Catalyst Conference Design

Idea: Art in the Community

In Hawaii, there is not a lot of art around town. There is only a small section of downtown that has murals on the walls from a local graffiti group called 808 Urban. However, the amount of street art is minimal and easily overlooked compared to places on the mainland that I have visited, which are brimming with modern art in the streets. I want to help spread art and culture awareness in my community through murals that show what Hawaii really is. Over the years, we have lost touch with the `Aina, land, and our culture, and the best way to revive it is through visual representation. Some of the best murals that truly capture Hawaii for what it should be depict the royalty of old and our beautiful rainforests and ocean. With the dilapidated warehouses downtown taking up space and damaging the landscape, we are forgetting how the scenery should look like at a rapid rate. Art can help us remember and inspire us to revive Hawaii. My proposal is to make a digital piece or poster to spread around town or my school to motivate the citizens to produce art and reconnect with Hawaiian culture.

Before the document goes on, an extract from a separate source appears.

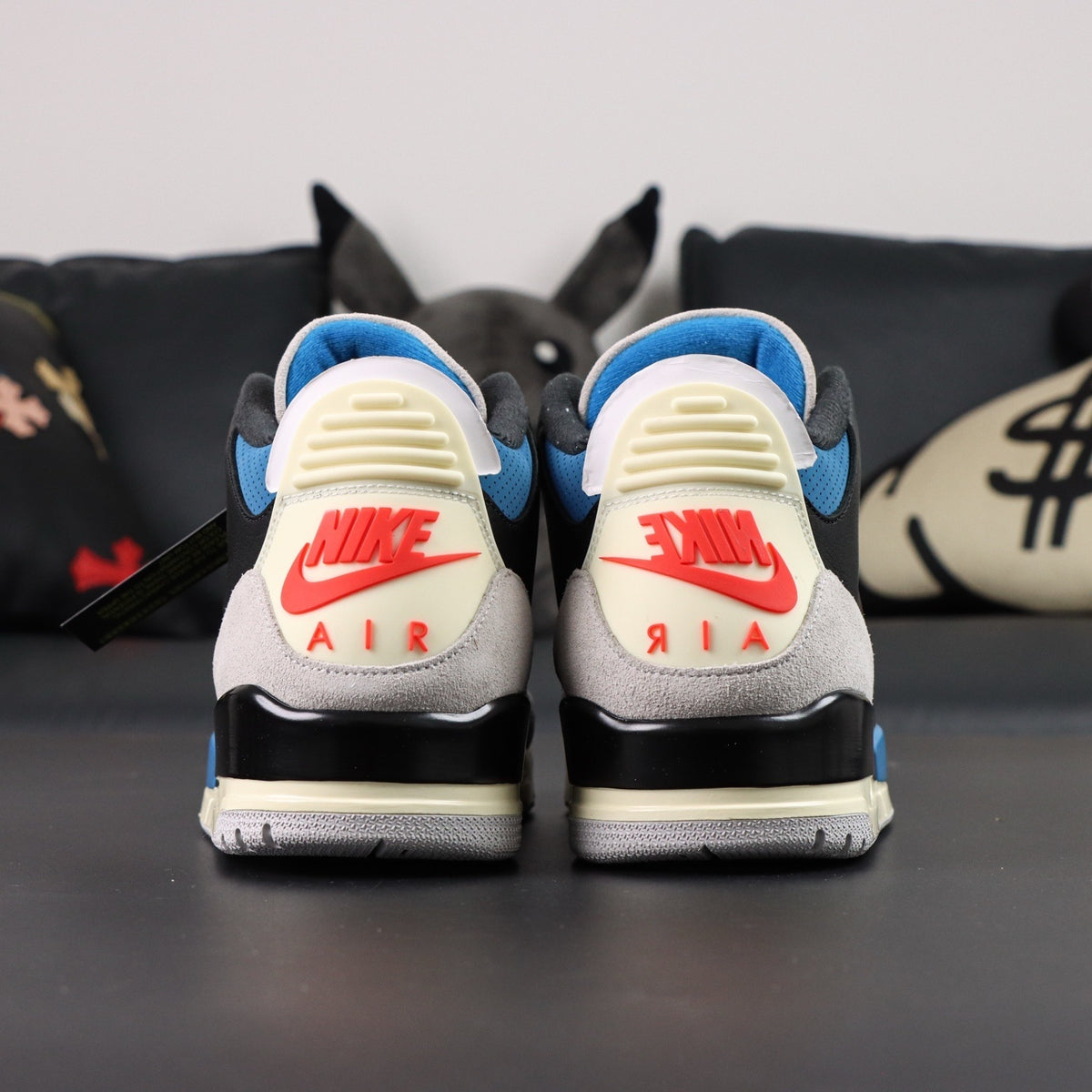 Air Jordan 3 Retro Rare Air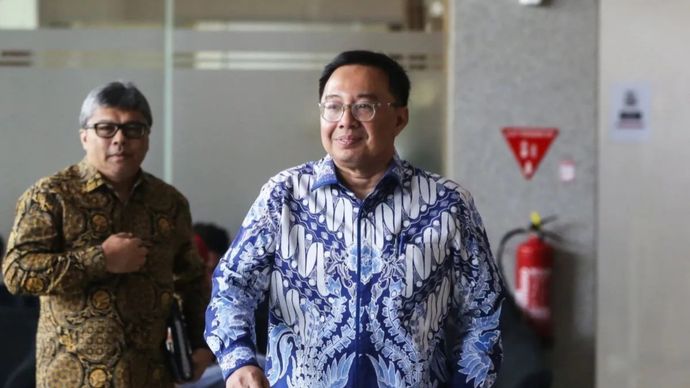 Anggota V Badan Pemeriksa Keuangan (BPK) RI Bobby Adhityo Rizaldi (kanan) berjalan menuju ruang pemeriksaan di Gedung Merah Putih KPK, Jakarta, Kamis, 16 Juli 2026. Penyidik KPK memanggil Bobby Rizaldi sebagai saksi kasus dugaan suap pengondisian hasil audit BPK di Kabupaten Muara Enim, Sumatera Selatan.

“The sign of a great state or a great city is the strength of its cultural life, Our non-profit arts groups are a powerful economic force, and act as a magnet for tourism. Even more important, they help educate and inspire our citizens and stimulate creativity in the workplace and in our schools.” Says J. Clayton Hering, president of Northwest Business for Culture and the Arts in an interview. Art is important for our tourism industry, as it can represent our culture while looking aesthetic with the scenery. It is important to have murals and street art throughout the city to, as Hering said, stimulate creativity and educate citizens. Many tourists visit Hawaii to see the nature, but mainly stay in the very urban city. Because of this, we need to produce more art around the city for them, and for the locals. “Community art can also create attachment to one’s community,” says Penny Balkin Bach. Honolulu looks like any other city: tall skyscrapers, long highways, one-way streets, bike racks intwined with winding crosswalks, etc. The only way to stand out and show that this is really Hawaii is to add more Hawaiian flavor into our architecture and roadways. Everyday, I see this one mural by the freeway offramp to school.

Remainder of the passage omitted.